My grandmother had dozens of romance novels with these explicit covers, and I was fascinated by the messages they sent. Could sixteen-year-old me—lonely, boyfriendless, and under-developed—ever dream to have a man stare at me with such devoted passion? Could I one day have a cold, fractious duke deign to be mine? You bet I could…at least for a few hours while I devoured those pages.
Though, sidebar, my husband’s English ancestry traces back to the Duke of Norfolk and Arundel Castle so I did marry a descendant of a duke (take that, disbelievers)! And also, thank you, clinch covers!
In hindsight (I just turned forty-five yesterday), those very romance novels with their gloriously scandalous covers told me one important truth—that I was deserving of love, and that I would find it one day. They made me feel like I had a chance. And that, dear reader, is what most of us want. A chance to connect with whichever partner we choose. A chance to love and be loved. To be happy in a healthy, satisfying relationship.
As a romance writer, I want to deliver the same message to my readers…that you are absolutely worthy of love. That you are worthy of respect and care and attention. That you should not associate shame with feeling desire, in wanting pleasure, in wanting to be pleased. You deserve that at a minimum. But most of all, I want women to know that they should not be afraid of having their own agency, of advocating for their wants and desires. Men have done it for millennia. It’s our turn.
There is no shame in pleasure. There is no shame in passion. And there’s no shame in wanting either of those. Whether that’s in a book with a sexy AF cover, or in real life.

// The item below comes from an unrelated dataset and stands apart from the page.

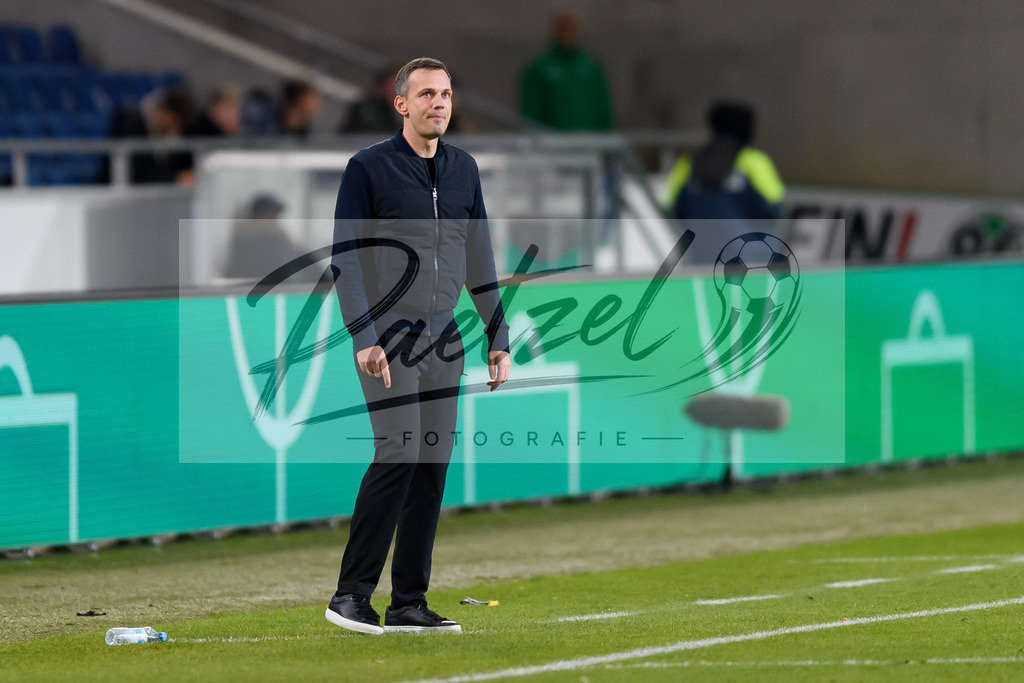 H96DUS20211027_056 | Fussball, Herren: Trainer Christian Preusser (Fortuna Duesseldorf) enttaeuscht bei dem Spiel der 2. Runde im DFB-Pokal zwischen Hannover 96 und Fortuna Duesseldorf in der HDI-Arena am 27.10.2021 in Hannover, Deutschland.DFB / DFL REGULATIONS PROHIBIT ANY USE OF PHOTOGRAPHS AS IMAGE SEQUENCES AND/OR QUASI-VIDEO. - Realisiert mit Pictrs.com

Though styles and stories have evolved to suit our times, our cultures, and our broadening philosophies, the core of the romance novel will remain the same, and hopefully, so will the clinch cover and what it offers to readers: the promise and delivery of a happy ever after. So what if you dream about a prince of your own? Princes don’t always wear crowns—they come in all shapes, colors, sizes, and packages. Kind of like princesses.
Now, go get that cake. You know you want it.